+++ Recorded information

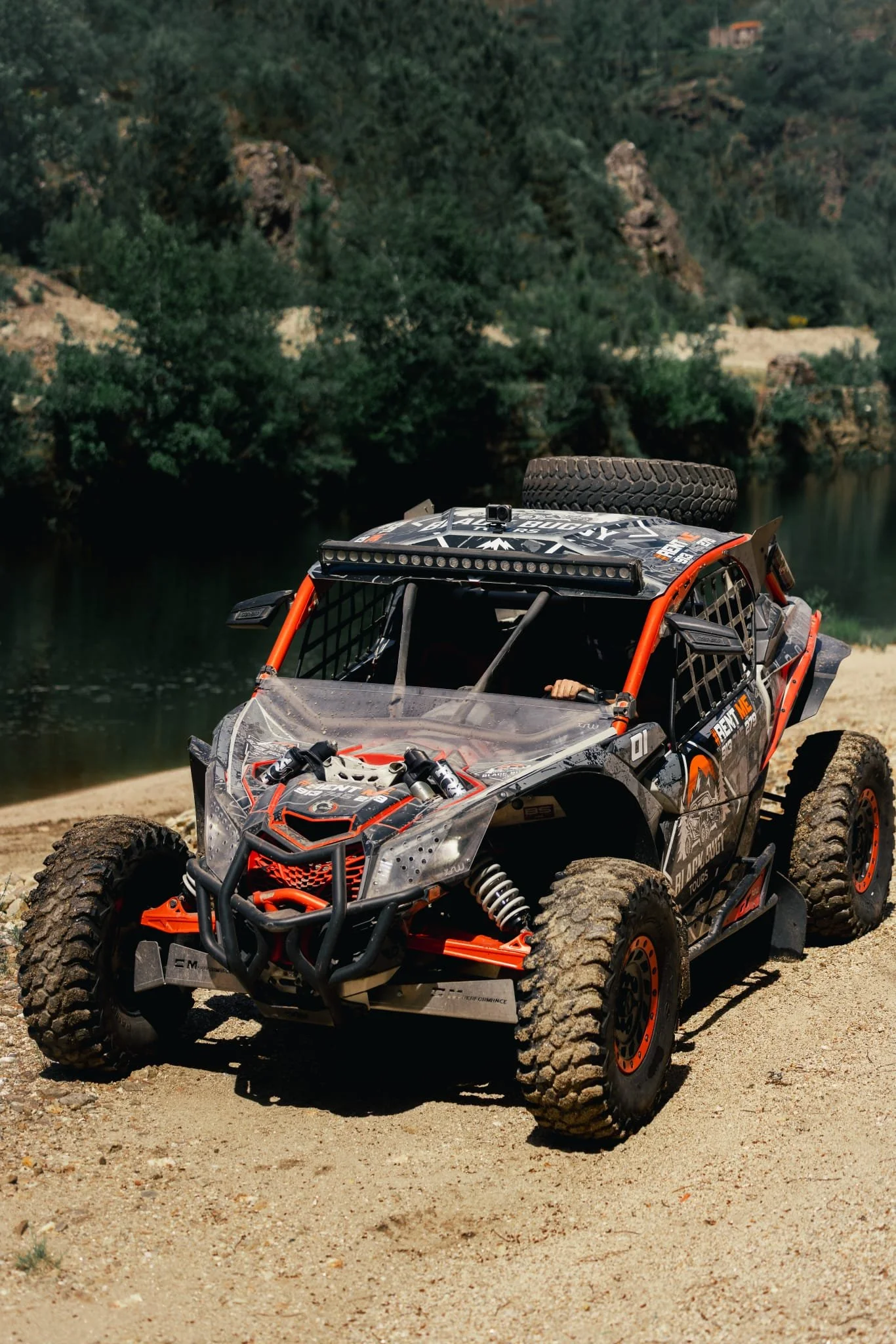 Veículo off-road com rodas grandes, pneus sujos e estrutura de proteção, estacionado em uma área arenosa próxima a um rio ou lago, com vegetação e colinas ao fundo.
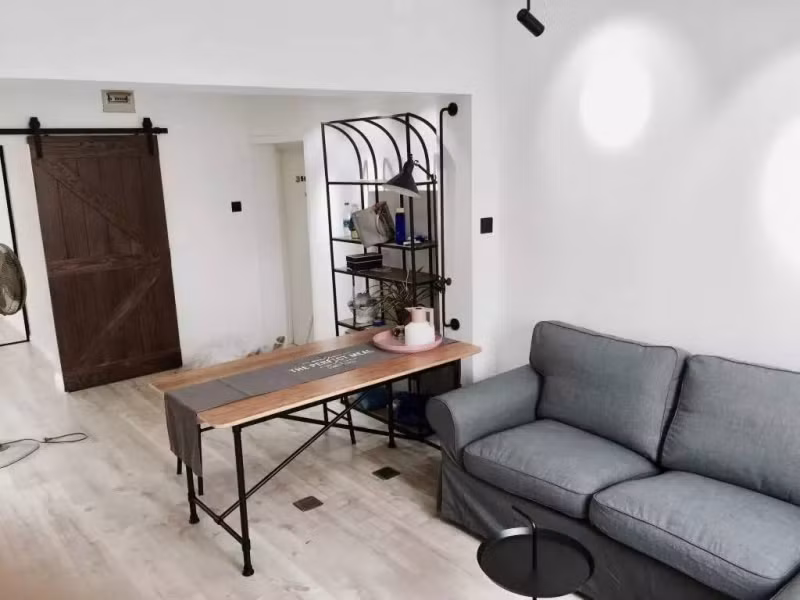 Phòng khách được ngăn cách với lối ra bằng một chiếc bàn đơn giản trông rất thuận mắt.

++++++
+++ Recorded information

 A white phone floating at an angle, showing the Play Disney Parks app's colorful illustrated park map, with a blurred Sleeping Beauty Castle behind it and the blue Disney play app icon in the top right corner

++++++

Directions for this task> Out of the records above, set down only the lines from the one that contains "Veículo off-road com" through the one that contains "Phòng khách được", unchanged and without the pictures.

Solution below>
 Veículo off-road com rodas grandes, pneus sujos e estrutura de proteção, estacionado em uma área arenosa próxima a um rio ou lago, com vegetação e colinas ao fundo.
 Phòng khách được ngăn cách với lối ra bằng một chiếc bàn đơn giản trông rất thuận mắt.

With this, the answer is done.